What happens when you take a group of 5 worn-out, exhausted women and put them in a house together? At the ALS caregivers retreat in early June, what happened was hours of raucous laughter, affectionate connections, and flowing tears, knowing this was a safe place to shed them. But especially the laughter. And a group that started out as five strangers became close friends and supports for each other.
For Lura, the best part of the weekend was talking with others and hearing them respond. Her own husband lost his ability to speak over a year ago. Having real conversation had the same emotional gratification as eating something delicious. It struck at a deep and sensory level.
For Diane, the weekend was “eye-opening, ear-opening, and heart-opening.” She had been isolated and distraught, and the weekend gave her hours to connect, one on one with people who “were on the same page.”
And, because ALS staff joined us for dinner, Diane was able to get support services at home that she has desperately needed. In a conversation with her just the other day, she said that, “because the VNA (Visiting Nurse Association) is sending someone now, I actually have time to plant [my garden].”
These women created a community of support for themselves and each other that they continue with a private FaceBook page and a Marco Polo group.
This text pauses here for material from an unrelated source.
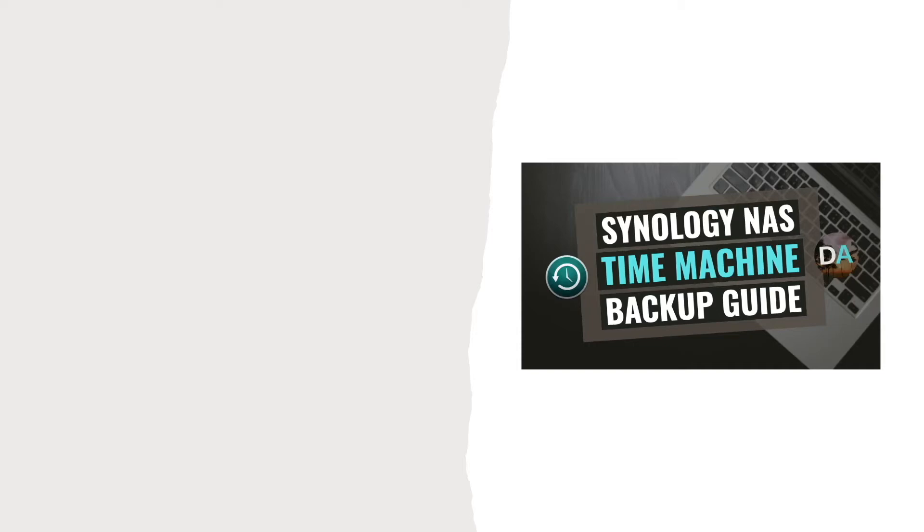In this video, we'll be covering how to backup a Mac to a Synology NAS using Time Machine.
As they return to their roles as caregivers for their husbands who have a horrible disease, they have skills they use to maintain themselves and resources for helping each other.
Nancy’s House’s mission is to provide a retreat setting that breaks the isolation and exhaustion of family caregiving – allowing rest, education, and connection with other family caregivers and support networks in order to return with skills and knowledge for maintaining health and well-being. I would say, Mission accomplished.
Special thanks to the ALS Association for knowing their caregivers need support and for helping Nancy’s House to provide it, to the Powell Family Foundation that has recognized that same need and funds our efforts to serve the ALS caregiving community, and to Marianne Deery, innkeeper of the Twin Turrets Inn in Boyertown, and exemplary host. Our stay there was fantastic.